Working on a high energy rap session is fun, but to record and mix out the vocals can sometimes be a little tricky.
So, I hear you asking, how do we get our rap vocals sounding right every time?
Have no fear we have three great tips to get you started. We'll be looking at how to sweeten and control aggressive rap vocals right from the record to the mix stages. Included in this blog is a handy video at the end
#Tip ONE - The microphone
While condenser microphones are usually the go to for a vocal session, for rap vocals try a dynamic microphone. Condenser microphones definitely capture the small nuances and details of a performance, and are really sensitive; but when dealing with aggressive rap vocals, a dynamic microphone is a good choice as it mellows the harshness in the vocals typically found in rap, rock punk and metal genres, and handles the consistent dynamic pounding (the sensitive condenser microphones don’t like) without distorting.
Using a dynamic microphone on the main vocals will result in a nice smooth and more controlled result. This will give you more options in the mix stage to add in that extra saturation or effect if necessary!
Another really cool technique when recording is to use both a condenser and dynamic microphone for the vocal session.
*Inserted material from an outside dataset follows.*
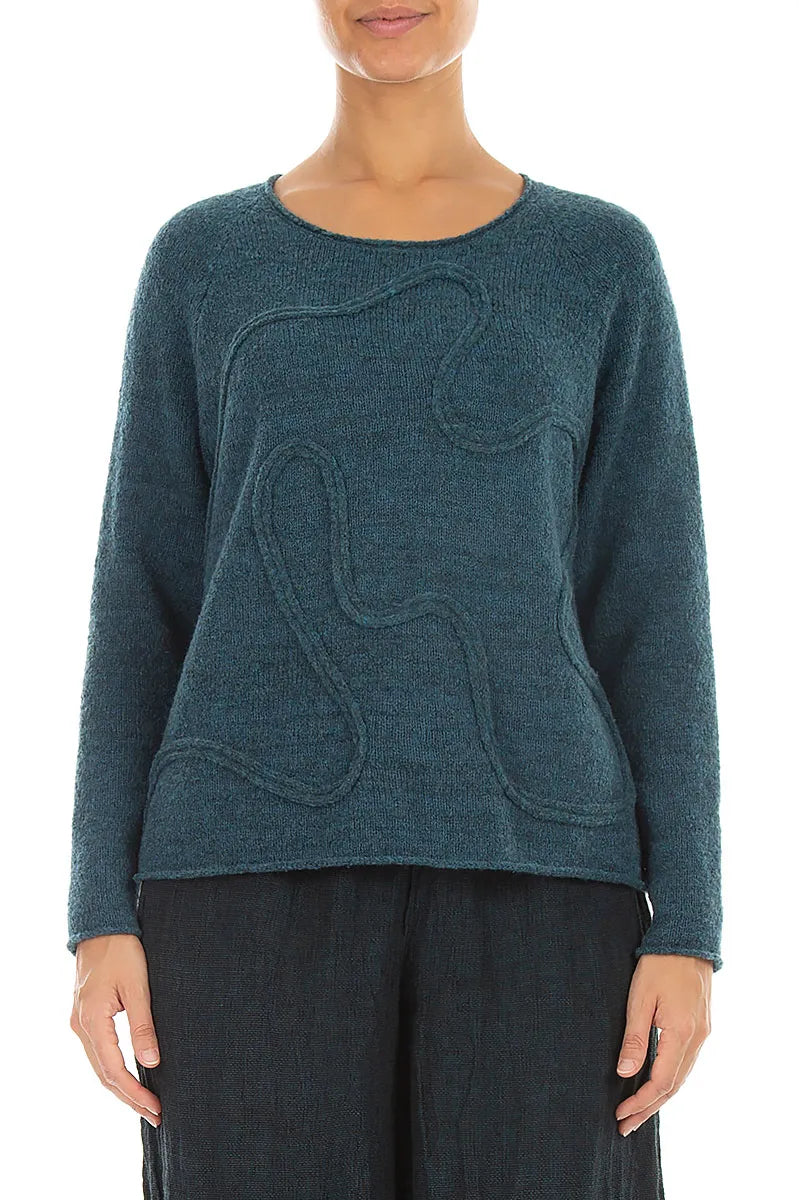 Pull en laine bleu sarcelle à couture ondulée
But, hey, that’s for another blog!.
#Tip TWO - The Compressor
Compressors are used to manage the dynamic range of a signal. There are many different types, and not all compressors provide the same results.
I suggest that you look at the online Quick Dial Compression Series which is all about compressors at www.rapponline.net for more detailed explanation on how these devices work and how you can use them in your sessions to get great results!
Back to it!
A quick tip: You’re looking for a compressor that will allow you a really fast attack time to quickly deal with transients and avoid that ‘pumping’ effect. A compressor that will tame dynamics without being evident compression is taking pace. We call that being transparent.
Be careful not to squash the life out of your vocals. If you find the vocals lack presence, then rather increase the attack time to allow some of that transient material to go through; and this will bring back a bit of edginess.
Use the compressor to control your dynamics first and then dial in the extra sonic character you’re looking for!
#Tip THREE - Vocals
Main (lead) vocals
Rappers generally like their vocals dry and free of noticeable reverb; the reason for this is that reverb reduces intelligibility, which makes it difficult to understand what a rapper is saying when they're rapping quickly.
Look, sometimes it is necessary to have reverb on the rappers vocals, so have a look at using pre-delay to separate the reverb tail from the vocal to keep the vocals nice and present in the mix. See if you can use a pre-delay time that is in sync with your session tempo. This will make the reverb sound a bit more musical.
An old school vintage technique to keep sounds upfront and still give them space is slap back delay. It works really well on guitars, vocals and drums. Typical of slap back is a single echo (repeat), and very fast or short delay times usually between 40-120ms.
Slap back delay can be quite difficult to hear, especially when a short delay time is used, and the feedback signal is mixed at a low level. When you A/B (compare) the effect, on a solo part the difference is quite obvious, but in the context of a complete dense mix with lots of other parts, the delay result is often something you ‘feel ‘more than you hear.
Once you’ve set your slap back delay, you can get really creative by adding filters and modulation as well.
Your objective with main rap vocals is all about control. You want to highlight the edginess of the vocal and add depth, character and space, without losing the intelligibility and upfront focus.
Doubles and Ad-Libs
Doubles and ad-libs are scattered throughout most rap songs, and this is where you can be nice and creative with effects, as they don’t have to be clear and upfront. You can use delay, chorus, flanging, reverb and distortion.
Use the effects on the double vocals and ad libs to add contrast and interest to the various parts of the song.
You need to be thoughtful in how you approach the record and mix stages for a rap session, or you could land up with a bit of a nightmare to mix out.
The aim is to manage and control the energy and keep the energy of the performance , so to sum it all up:
1. Use a dynamic microphone (or a combo of condenser & dynamic-new blog on that coming soon).
2. Use a fast reacting compressor that has character (check out the Quick Dial Compression Series)
3. Keep lead vocals dry and upfront (or use the slap back delay technique). Apply different effects to the doubles and ad libs in the track to keep things fresh and interesting.